また、本明細書に例示する各成分及び材料は、特に断らない限り、1種を単独で使用してもよいし、2種以上を併用してもよい。本明細書において、組成物中の各成分の含有量は、組成物中に各成分に該当する物質が複数存在する場合、特に断らない限り、組成物中に存在する当該複数の物質の合計量を意味する。
本明細書における記載事項を任意に組み合わせた態様も本発明に含まれる。
【0015】
[コアレス基板用プリプレグ]
本発明のコアレス基板用プリプレグ(以下、単に「プリプレグ」ともいう)は、ジシアンジアミド(a)、第3級ホスフィンとキノン類との付加物(b)、少なくとも2個の第1級アミノ基を有するアミン化合物(c)、少なくとも2個のN-置換マレイミド基を有するマレイミド化合物(d)を含有する熱硬化性樹脂組成物を含んでなるプリプレグである。以下、それぞれ、(a)成分、(b)成分、(c)成分、(d)成分と称することがある。
本発明のプリプレグは、耐熱性、低熱膨張性及び金属回路との接着強度に優れるため、コアレス基板の絶縁層のように、耐熱性、金属回路との接着強度、さらには、薄型化に伴う反り等の改善が求められる用途において特に好適である。
以下、本発明のプリプレグの作製に用いられる熱硬化性樹脂組成物が含有する各成分について順に説明する。
【0016】
<ジシアンジアミド(a)>
本発明のプリプレグは、熱硬化性樹脂組成物が後述する(b)成分~(d)成分と共にジシアンジアミド(a)を含有することにより、コアレス基板に用いられる場合でも、耐熱性及び低熱膨張性を良好に維持しながら、金属回路との接着強度を向上させることができる。その理由は定かではないが、ジシアンジアミドが有する極性基と金属回路との相互作用が強く影響していると考えられる。
【0017】
ジシアンジアミド(a)は、HN-C(=NH)-NH-CNで表され、融点は通常、205~215℃、より純度の高いものでは207~212℃である。
ジシアンジアミド(a)は、結晶性物質であり、斜方状晶であってもよいし、板状晶であってもよい。ジシアンジアミド(a)は、純度98%以上のものが好ましく、純度99%以上のものがより好ましく、純度99.4%以上のものがさらに好ましい。
ジシアンジアミド(a)としては、市販品を使用することができる。
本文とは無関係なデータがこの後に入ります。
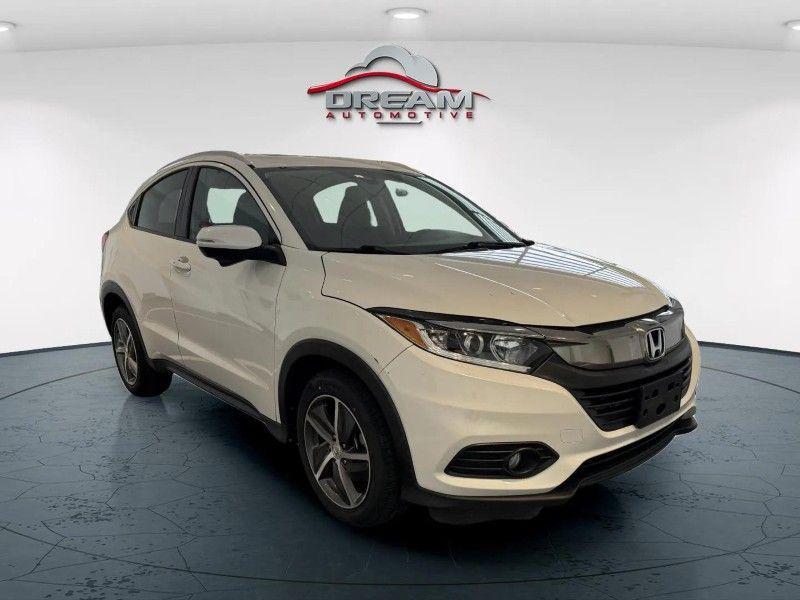 used 2021 Honda HR-V car, priced at $17,250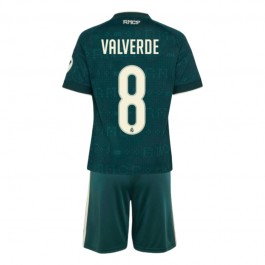 Real Madrid Valverde 8 Bortaställ 2026-2027 Barn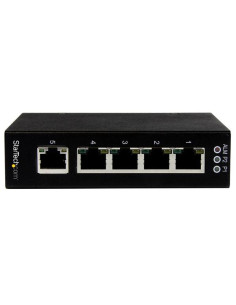 StarTech.com Switch di rete Commutatore Industriale Gigabit Ethernet a 5 porte non gestito - Guide DIN / Montabile a parete 2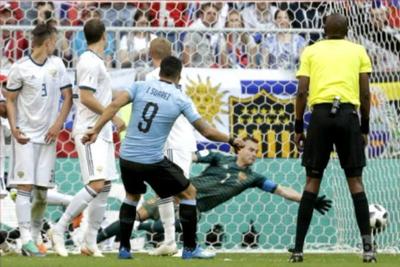 Uruguai conquista a liderança do Grupo A do Mundial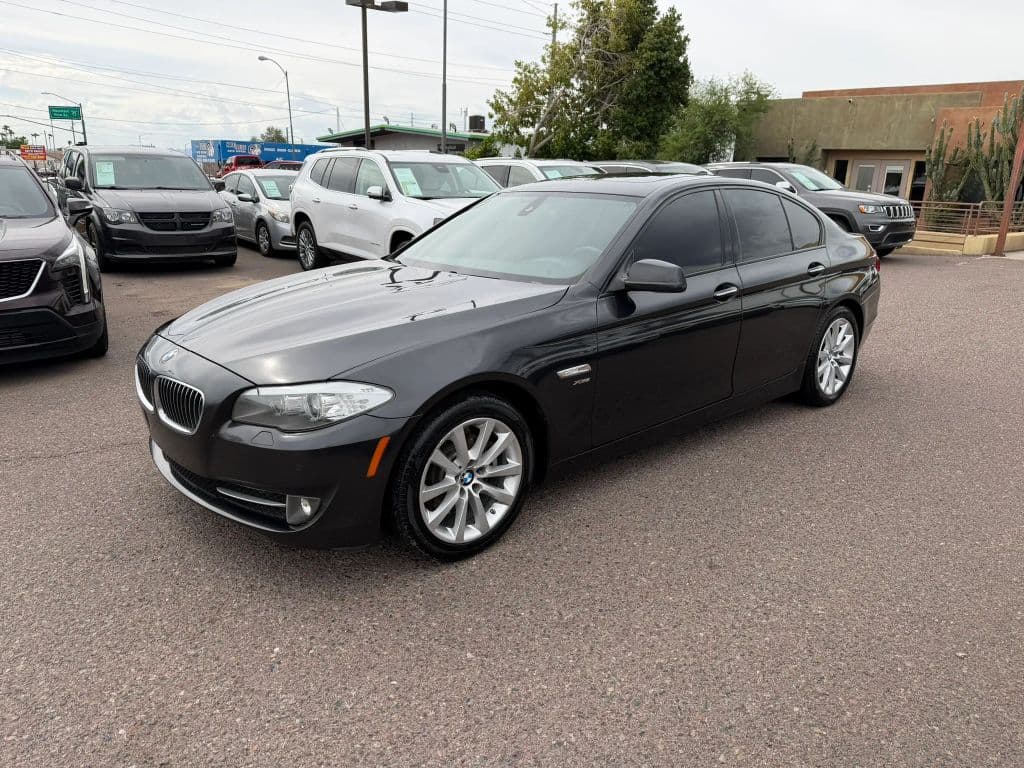 2019 BMW 5 Series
市販品としては、例えば、和光純薬工業株式会社製、日本カーバイド工業株式会社製、東京化成工業株式会社製、キシダ化学株式会社製、ナカライテスク株式会社製等が挙げられる。
【0018】
ジシアンジアミド(a)の含有量は、硬化性樹脂組成物中の樹脂成分の固形分100質量部に対して、0.05~1.5質量部が好ましく、0.05~1.0質量部がより好ましく、0.05~0.7質量部がさらに好ましく、0.08~0.7質量部が特に好ましく、0.1~0.5質量部が最も好ましい。0.05質量部以上であることにより、金属回路との接着強度の向上効果が十分となる傾向にある。また、1.5質量部以下であることにより、(a)成分が熱硬化性樹脂組成物中に不均一に分散されるのを抑制できる傾向にあり、それによってプリプレグの電気的信頼性が高まる。
さらに、前記範囲において、ジシアンジアミド(a)の含有量の下限値は0.2であってもよく、0.25であってもよい。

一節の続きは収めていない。